La junta general de accionistas del Real Zaragoza descubrió la división de un consejo que ha perdido el crédito de la gente. Christian Lapetra normalizó las ausencias y lo camufló como una mera cuestión de agendas. En su ponencia, habló de carrerilla e hizo un inventario de las cifras que han mejorado y de las que han de mejorar.

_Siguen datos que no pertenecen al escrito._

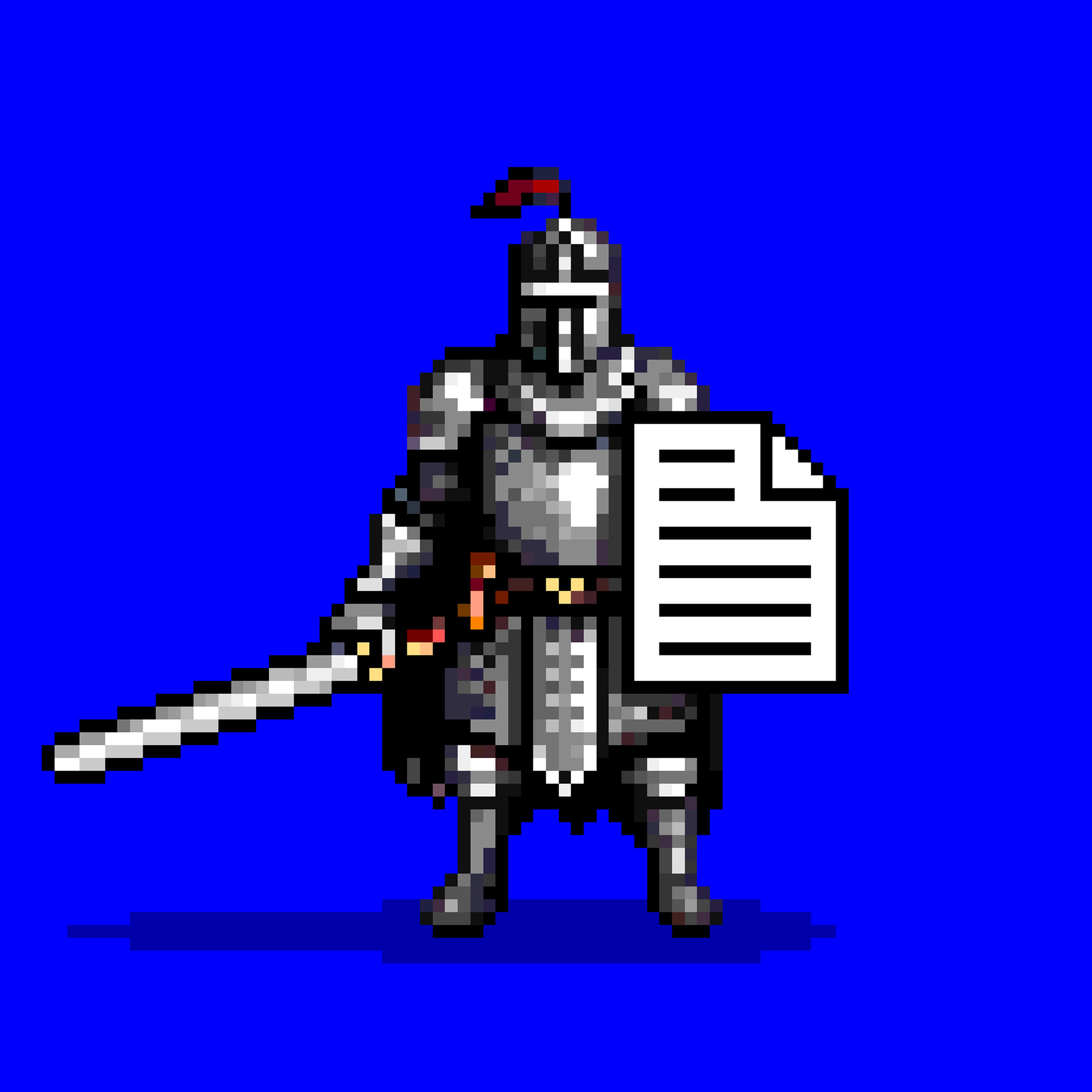 Pixel illustration of a knight holding a text file as a shield.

A nadie se le escapa que el presidente es un mero actor de reparto, ubicado en un trono de hojalata. En la escena, Lapetra validó el voto de los ausentes Yarza y Forcén. Los disculpó diciendo que no conocía el motivo de sus ausencias, pero que habían cubierto a tiempo su expediente incluso sin estar presentes. Entre tanto, da la impresión de que los accionistas se desdicen los unos a los otros, casi siempre entre bambalinas y, a veces, a ojos de todo el mundo.

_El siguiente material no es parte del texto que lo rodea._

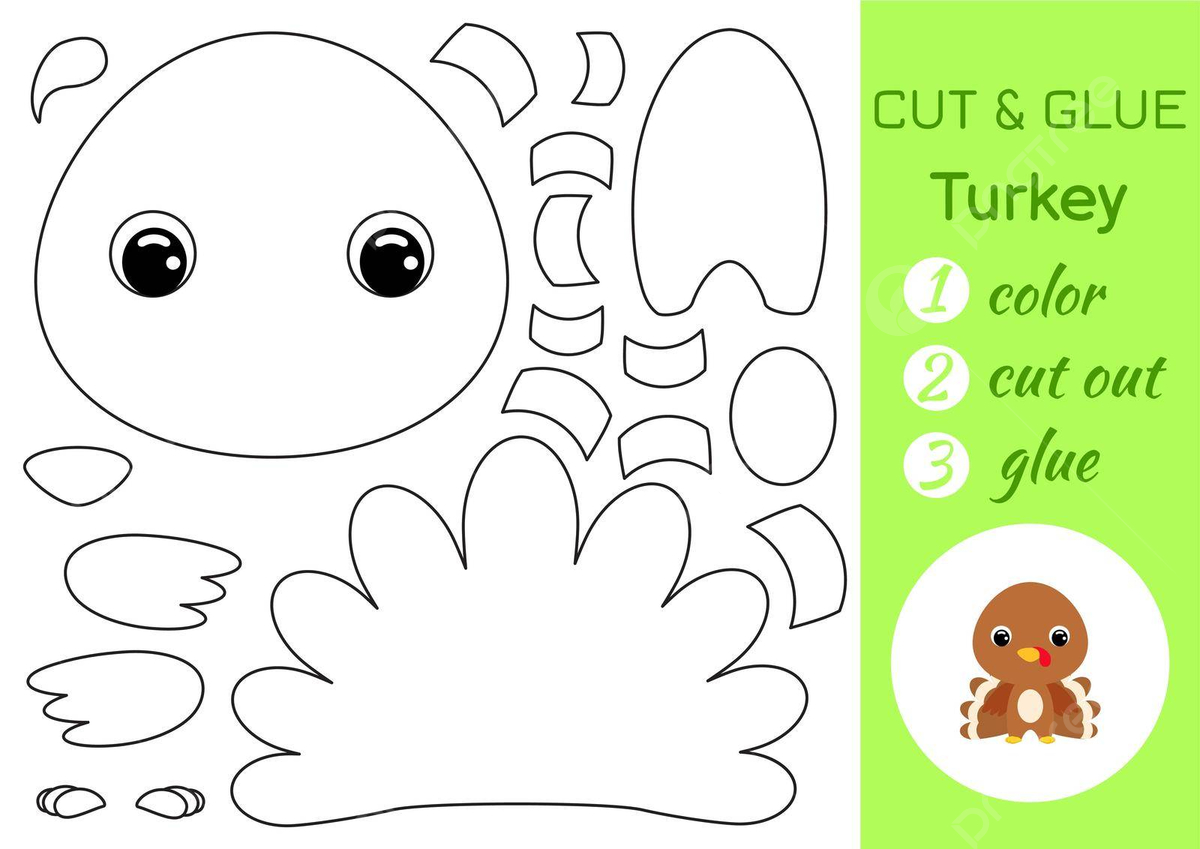 Preschool Turkey Activity Cut Color Glue Glue Print Cut Out Vector in Turkey Cut And Paste Printable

La mayoría accionarial, liderada por Alierta, busca un inversor que permita desahogar las deudas y hacer frente a las nóminas atrasadas. Por su parte, Yarza y Forcén reclaman más transparencia en unas negociaciones que cambian de mano sin que se sepan nunca las cartas. A la espera permanece un fondo de inversión destinado a arreglar las cuentas del club y los pagos postergados a los trabajadores.

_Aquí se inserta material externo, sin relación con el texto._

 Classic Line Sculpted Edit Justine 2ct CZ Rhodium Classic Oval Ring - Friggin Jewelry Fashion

La proyección del mercado ofrece muchas dudas y un temor conocido. Miguel Torrecilla intentará resolverlas mañana y parece lícito temblar ante su método. Especialmente frente a esa tendencia natural que siempre tuvo para hablar mucho y no decir casi nada. El Zaragoza no se reforzará sin ventas y en ese panorama se teme que la decisión pueda ser un defecto reincidente: traspasar a la cantera.
Para que el guión de la historia cambie quizá ha llegado el tiempo de plantear respuestas distintas a la misma pregunta. Si el club debe elegir entre comerciar con el talento novel o la experiencia, esta vez conviene apostar y creer en los de casa. Si la cúpula elige devorarse las tripas a costa del patrimonio del club, en La Romareda sonará un cántico célebre: “diles que se vayan”.